Quantifying statefulness

I have watched JVM-based Cassandra nodes bootstrap themselves, heat their caches, and be ready to serve queries faster than their corresponding “stateless” JVM-based client applications. To me, this implies that the state—as measured in bytes—isn’t really the problem.

Instead, any service should be able to quantify its “time to first response” (TTFR), defined as: after receiving a new raw4 computing resource, how long will it take to put that resource into useful service5? When viewed through this lens, every computing service in existence is at least somewhat stateful, and we just need to measure where it sits on the continuum. Even “completely stateless” application services need to download their code and configuration.

A service’s TTFR will be a major contributor to how much cushion is required when planning its resource needs. If a service can reliably scale in 5 minutes, then we can give it enough resources to ride out the next 6 minutes of modelable exigencies, and autoscale to meet demand using that cushion as a…cushion. If a service needs 3 months to scale, we need to model a much larger set of exigencies. This usually means some form of human-in-the-loop “autoscaling”, with quarterly planning meetings, graphs to review, purchase contracts, etc.

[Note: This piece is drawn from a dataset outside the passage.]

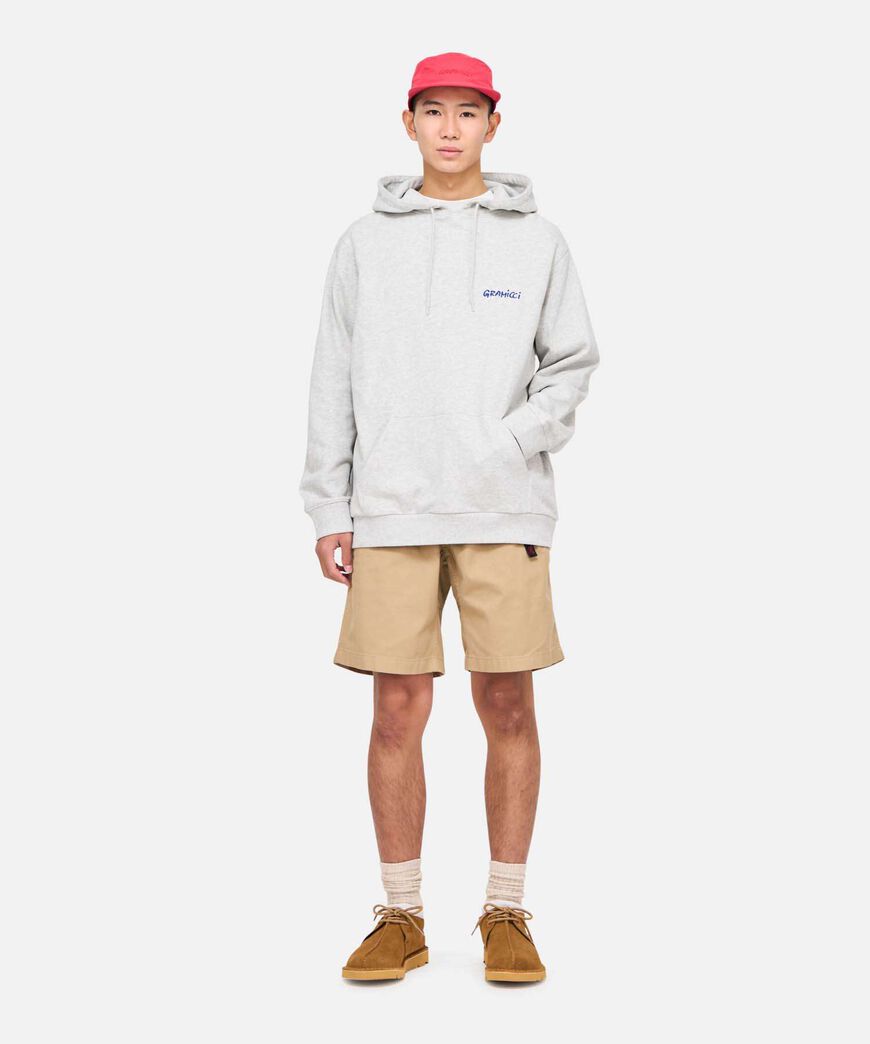 G-SHORT,CHINO, large image number 1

For me as a DBA, I interpret this to mean that I should be tracking and minimizing the TTFR for any given database under my care. The most basic lesson is: every database should be able to restore from blobstore at line rate6. But it also means making suitable choices when selecting hardware and node topology, like ensuring that hardware components (mostly NICs) are sized to meet a desired TTFR.

  1. IMO all databases, cloud or not, should be aiming to emulate the cloud paradigm, but that’ll have to be a topic for another post. 

  2. It’s still reasonable to grumble about this, since this means that the OLTP database needs to provide a stable data format for others to consume: a new public interface that isn’t the database’s native API. 

  3. I haven’t benchmarked S3 Express One Zone, so it certainly could change the math. 

  4. “Raw” is going to have many definitions. Certainly many PaaSes will have a warm pool of VMs, ready to be assigned work. Should we be measuring from the moment a Kubernetes pod gets assigned to a pre-warmed VM? Or should we assume that the warm pool is depleted? This question will have different answers based on the exercise. If we’re planning for normal diurnal variation, then we’ll include the warm pool. If we’re talking about responding to an outage of a whole failure domain, then probably not. 

  5. Some people might say that this is the same as the standard “recovery time objective” (RTO) metric. They’re similar, but different enough. RTO is the time to recover from an internal fault. TTFR is the time to adapt to a new external need. 

  6. Grumbling LOUDLY at AWS RDS here, where restoring from backup takes an indeterminate quantity of time.